La phrase de Marie "tout ce qu'il vous dira faites le" c'est  exactement ce que Jean va faire après que jésus lui ait dit "Voici ta mère". Jean est le serviteur qui obéit, qui a compris et cela c'est bien la place du disciple serviteur.

A Cana, l'eau est transformée en vin. Bien entendu les noces n'auraient pas été annulées si ce miracle ne s'était pas accompli, mais il est le signe de  la présence de Dieu sur la terre d'Israël, il est le signe pour les disciples que le temps est arrivé, que les noces sont là. Au delà des noces de ce jour là, il y a une autre noce qui se prépare celle du Fils (Je suis) avec nous.

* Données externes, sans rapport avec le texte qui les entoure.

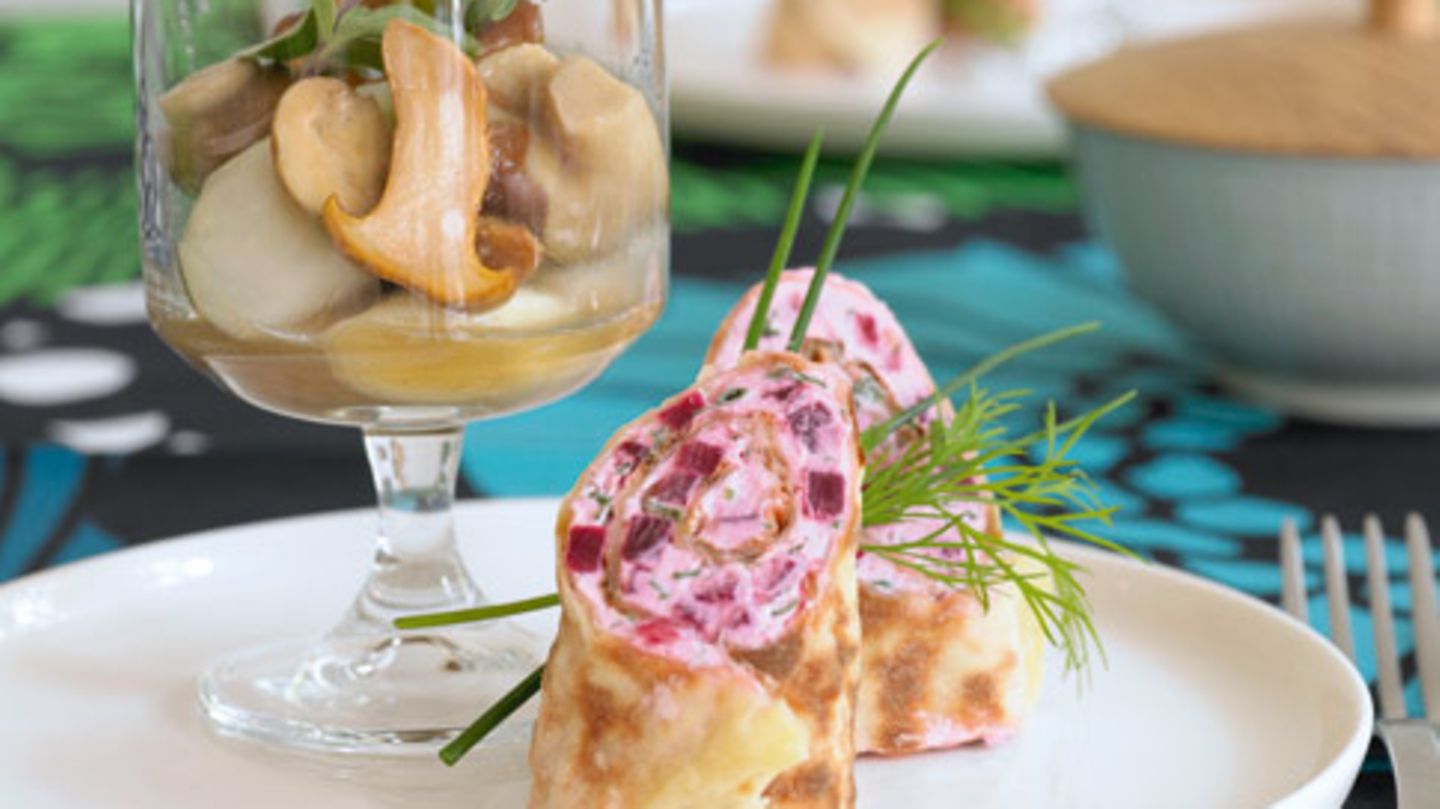 Eingelegte Pilze mit Kartoffel-Rote-Bete-Röllchen Rezept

Au Golgotha (puisque l'écrivain donne le nom du lieu) il y a la signature du contrat si je puis dire. Les noces sont scellées dans et par le sang. Le sang qui coule, qui se répand, ne peut-on peut le voir comme  symbole de l'Esprit qui va être répandu en en abondance (comme le vin à Cana).

Au premier signe, l'eau transformée en bon vin, répond le dernier signe, le corps et le sang transformés en nourriture et ce en abondance, car il me semble que l'abondance est bien ce qui caractérise la présence du Fils qui répand son Esprit sur tous.